------ Given data

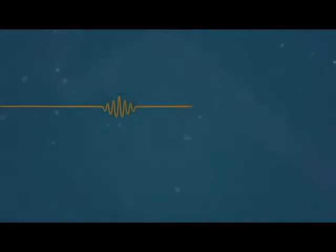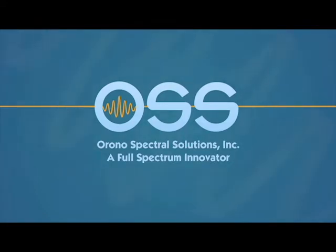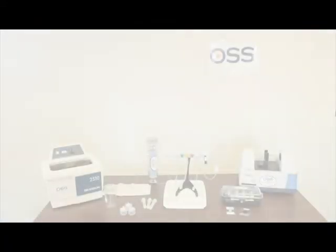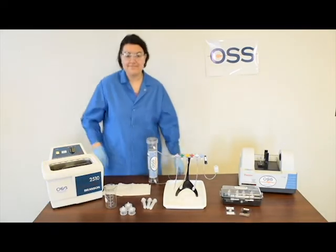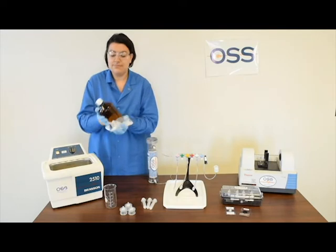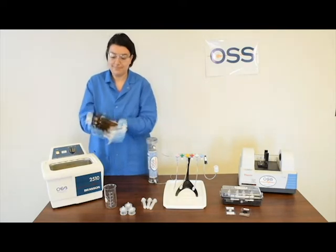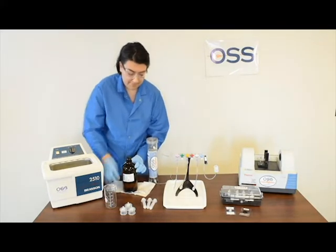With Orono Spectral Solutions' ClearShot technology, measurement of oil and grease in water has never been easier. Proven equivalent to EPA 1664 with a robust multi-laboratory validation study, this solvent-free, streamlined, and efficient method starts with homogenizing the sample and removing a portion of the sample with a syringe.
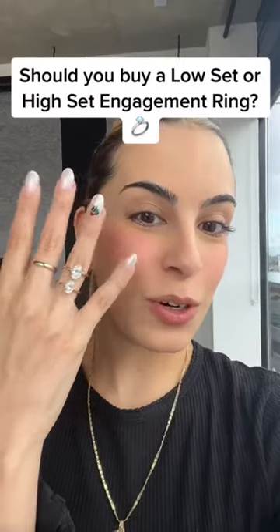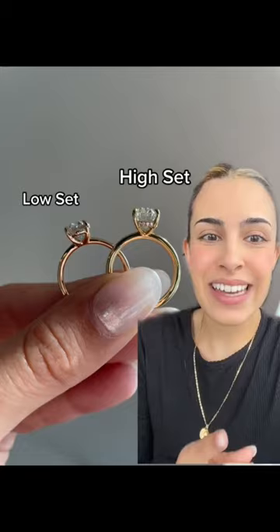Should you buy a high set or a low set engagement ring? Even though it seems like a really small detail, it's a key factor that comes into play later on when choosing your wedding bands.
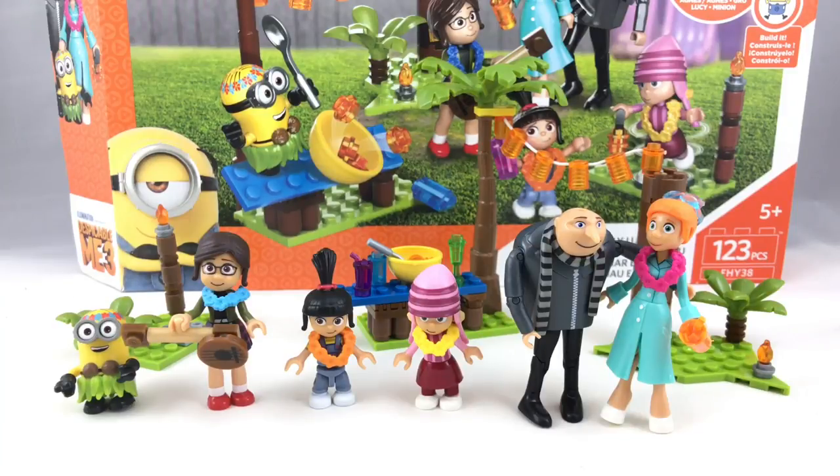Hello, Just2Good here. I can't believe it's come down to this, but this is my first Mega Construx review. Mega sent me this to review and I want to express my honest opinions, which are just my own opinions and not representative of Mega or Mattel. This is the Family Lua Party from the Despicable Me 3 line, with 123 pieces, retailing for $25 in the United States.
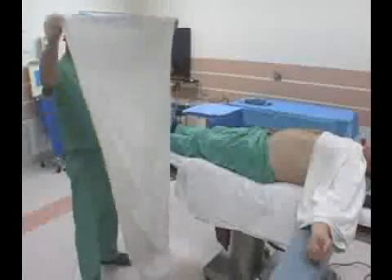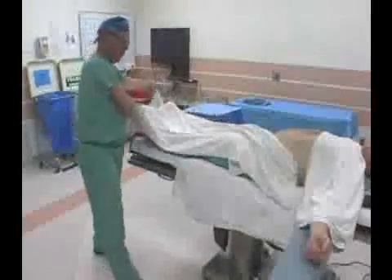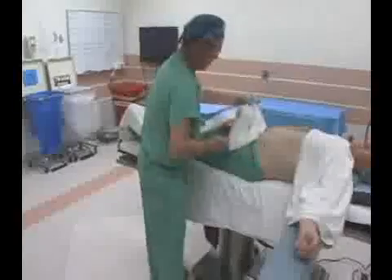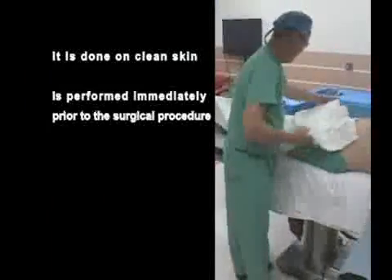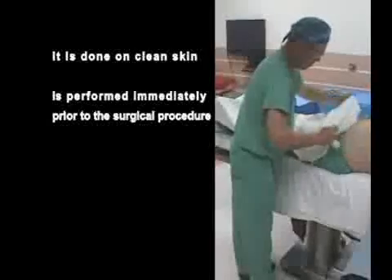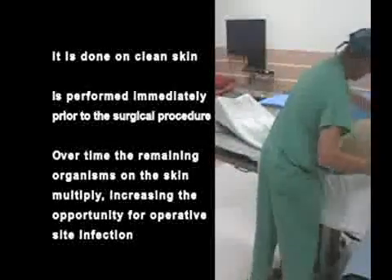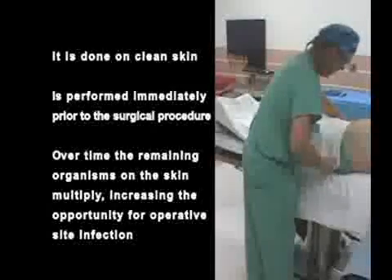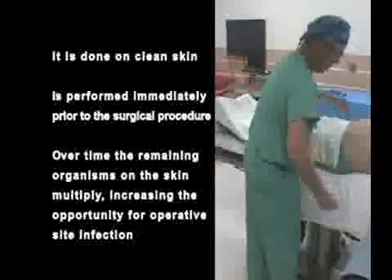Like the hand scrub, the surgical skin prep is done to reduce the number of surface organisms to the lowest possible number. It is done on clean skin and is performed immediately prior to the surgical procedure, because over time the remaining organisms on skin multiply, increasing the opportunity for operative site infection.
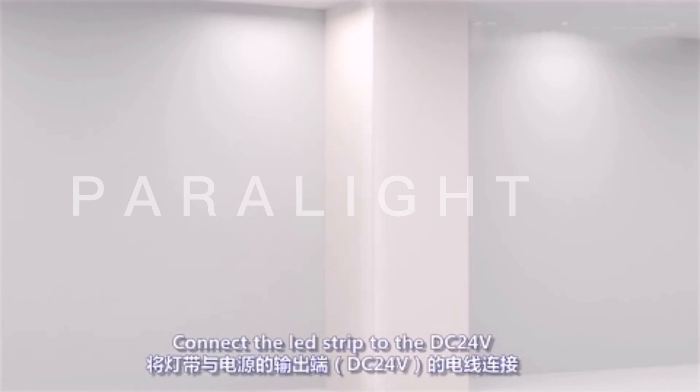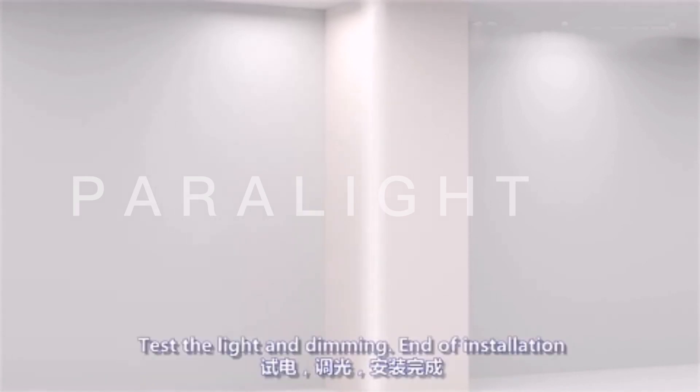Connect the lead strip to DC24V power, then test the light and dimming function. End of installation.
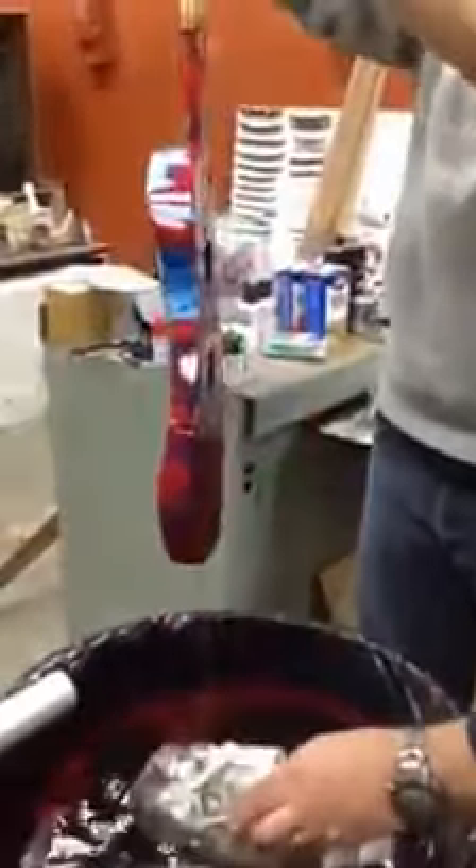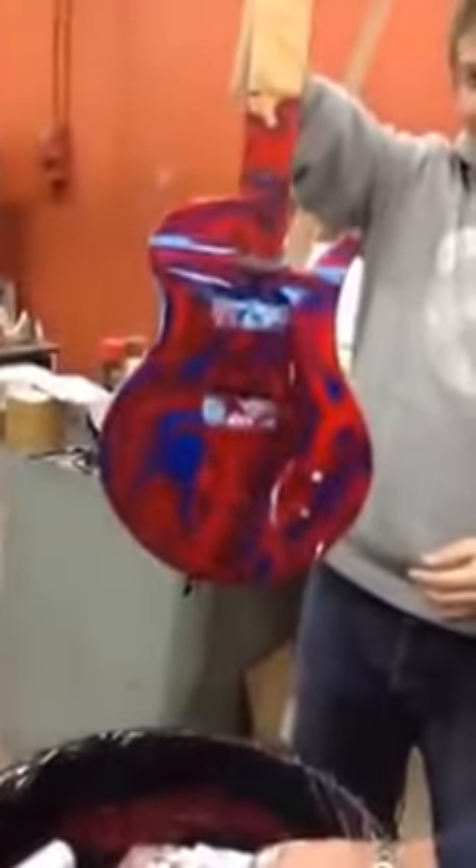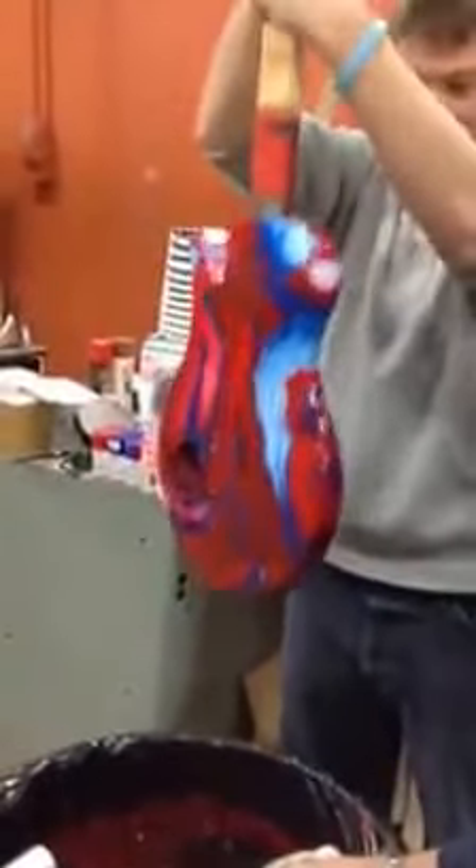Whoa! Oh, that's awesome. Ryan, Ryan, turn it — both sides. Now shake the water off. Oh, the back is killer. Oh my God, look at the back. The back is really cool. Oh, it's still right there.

------------

### What to do
Copy exactly, without pictures, the lines above from the one with "Hello, Just2Good here." down to the one with "Connect the lead", inclusive.

### Solution for this exercise
Hello, Just2Good here. I can't believe it's come down to this, but this is my first Mega Construx review. Mega sent me this to review and I want to express my honest opinions, which are just my own opinions and not representative of Mega or Mattel. This is the Family Lua Party from the Despicable Me 3 line, with 123 pieces, retailing for $25 in the United States.
Like the hand scrub, the surgical skin prep is done to reduce the number of surface organisms to the lowest possible number. It is done on clean skin and is performed immediately prior to the surgical procedure, because over time the remaining organisms on skin multiply, increasing the opportunity for operative site infection.
Connect the lead strip to DC24V power, then test the light and dimming function. End of installation.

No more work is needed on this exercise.